Task to carry out:
An exact copy of the data below is needed; please leave out any pictures.

====== Dataset excerpt

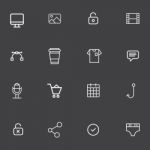 Outline Icon Set For Graphic Design  Illustration Eps 10 Stock Photo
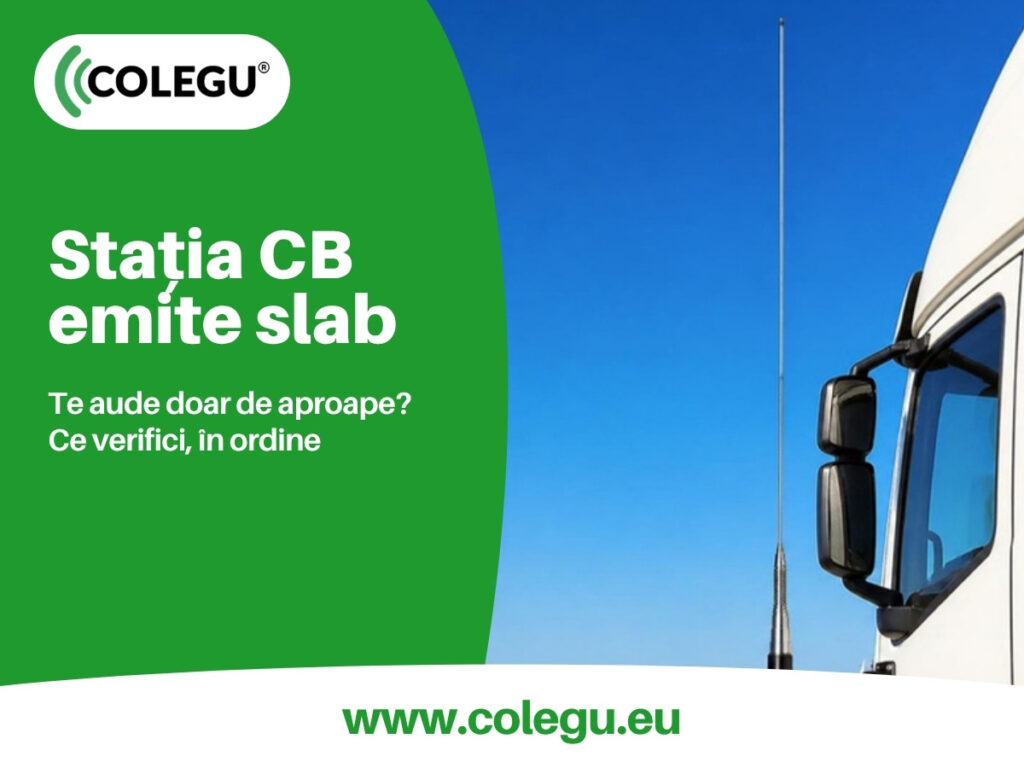 Putere mică pe stația CB: de ce te aude doar de aproape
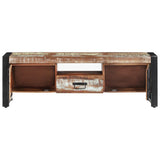 TV Cabinet 120x30x40 cm Solid Wood Reclaimed - Top-Down View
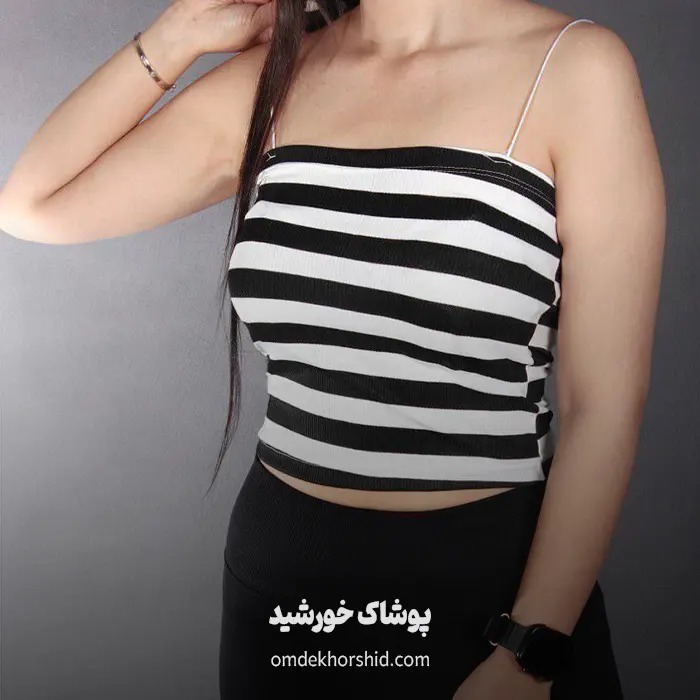 کراپ بند ماکارونی راه راه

============

Response for this exercise:
 Outline Icon Set For Graphic Design  Illustration Eps 10 Stock Photo
 Putere mică pe stația CB: de ce te aude doar de aproape
 TV Cabinet 120x30x40 cm Solid Wood Reclaimed - Top-Down View
 کراپ بند ماکارونی راه راه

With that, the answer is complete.